Indigo Pigment Extraction
Indigo refers to various shades of deep blue to violet as a color, but it’s also a natural blue dye and the name we give to plants that are the source of the blue dye. You wouldn’t know that indigo leaves have such a vibrant blue color in them from looking at them. However, if you bruise a leaf and leave it to wilt, you can start to see a blue hue coming through. This is indican, a water-soluble precursor to indigo present in the plant’s cellulose tissue that’s turned into indigotin prematurely (for our purposes). Indican is a glucoside molecule made up of glucose and indoxyl.
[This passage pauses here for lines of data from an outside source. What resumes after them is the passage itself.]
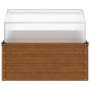 Jardinera con invernadero acero oxidado von , Töpfe und Pflanzgefäße - Ref: Foro24-4008962, Preis: 109,51 €, Rabatt: %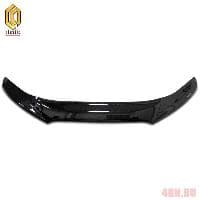 Дефлектор капота CA Plastic Classic черный для Toyota Land Cruiser Prado 150 (2014-2025) № 2010010109554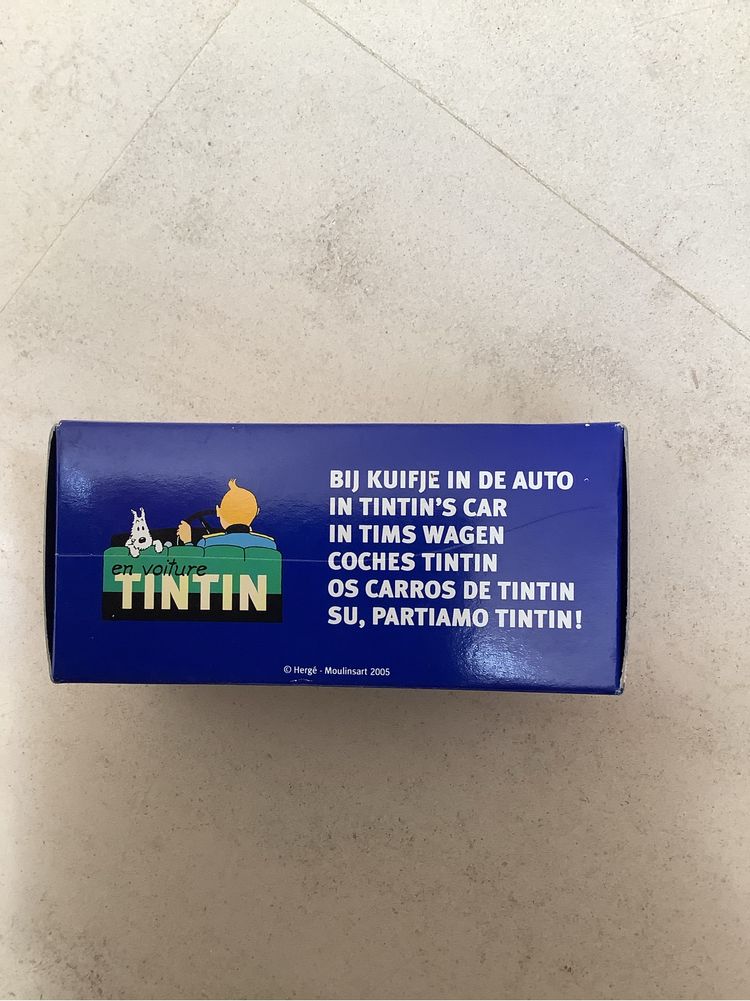 Carro do Tintin em muito bom estado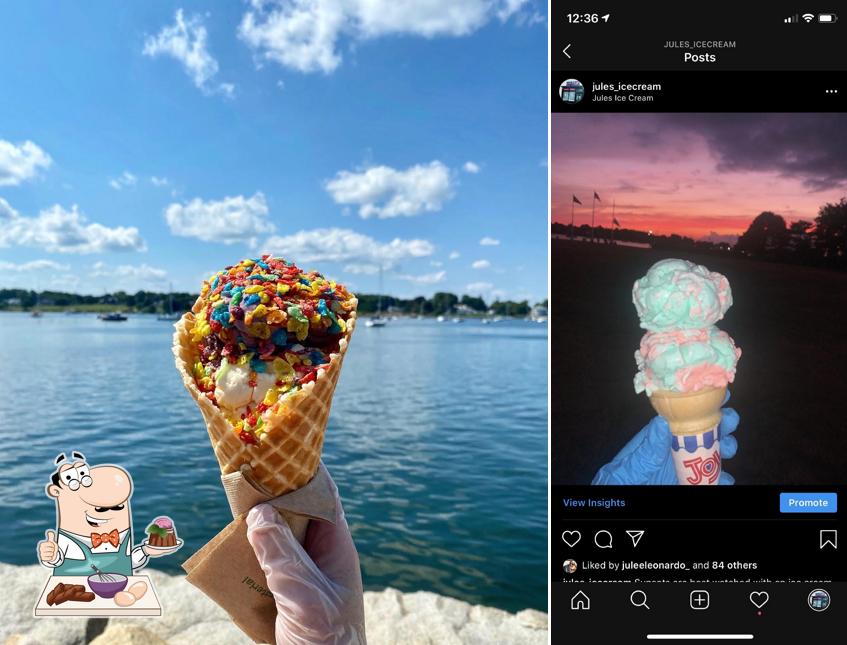 Jules Ice Cream in Bristol Restaurant menu and reviews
It’s the indoxyl part of the molecule that becomes indigo, and we can isolate it by fermenting indigo leaves. Wild yeasts eat the glucose part of the molecule for you.
That’s how, through fermentation in water, indoxyl is released from the leaves and is left behind. The water at this point is a vivid blue with a beautiful metallic surface and is referred to as mermaid liquid. We’re not done yet, though. Indoxyl is then converted into indigotin by exposure to oxygen, and this happens by using a whisk or pouring the liquid from one vessel into another. Being alkalized with soda ash helps speed the process up dramatically. The indigotin can then be precipitated from the water by allowing it to settle to the bottom. Then, it’s collected and dried into a powder. While this all sounds very scientific and mind-boggling, it’s not difficult to do at home as a beginner. I’ll take you through the steps later on.
The indigo pigment extraction process begins with growing indigo plants. You need fresh leaves to get a good yield, so this is not one of those cases in which you can order dried indigo leaves to make indigo pigment. Many natural dyers grow and work with Indigofera tinctoria, also called true indigo. However, it’s not one that wouldn’t do well in my garden. True indigo is a tropical plant that prefers hot and humid climates, and the hottest it’s ever been on our wet and windy island was 28.9°C (84°F). If you have hot summers, perhaps consider it and know that the extraction process described further below works for it, too.
Last winter, I discovered another type of indigo that would grow better for me. I learned about Japanese indigo Persicaria tinctoria, also called Chinese indigo or Dyer’s Knotweed, from Bailiwick Blue in Guernsey, where I then sourced my seeds. This plant has been grown and used as a natural dye for thousands of years in China and Japan and performs well when grown with protection in Britain. It contains the same vibrant blue color that true indigo does and has fared well in my polytunnel this year.
Japanese Indigo Growing Conditions
Growing Japanese indigo has been relatively easy, and I think that’s because if you know what a plant needs and give it to them, then you can’t go wrong. Japanese indigo loves sunny, warm, sheltered places with fertile, moist soil. Though it can stand a little shade, it will not grow well if the soil is ever dry, so the bed I grew them in had an inch of compost as a mulch. I also had the bed planted with automatic olla irrigation to serve as water reservoirs for the indigo’s roots. It seems to have paid off.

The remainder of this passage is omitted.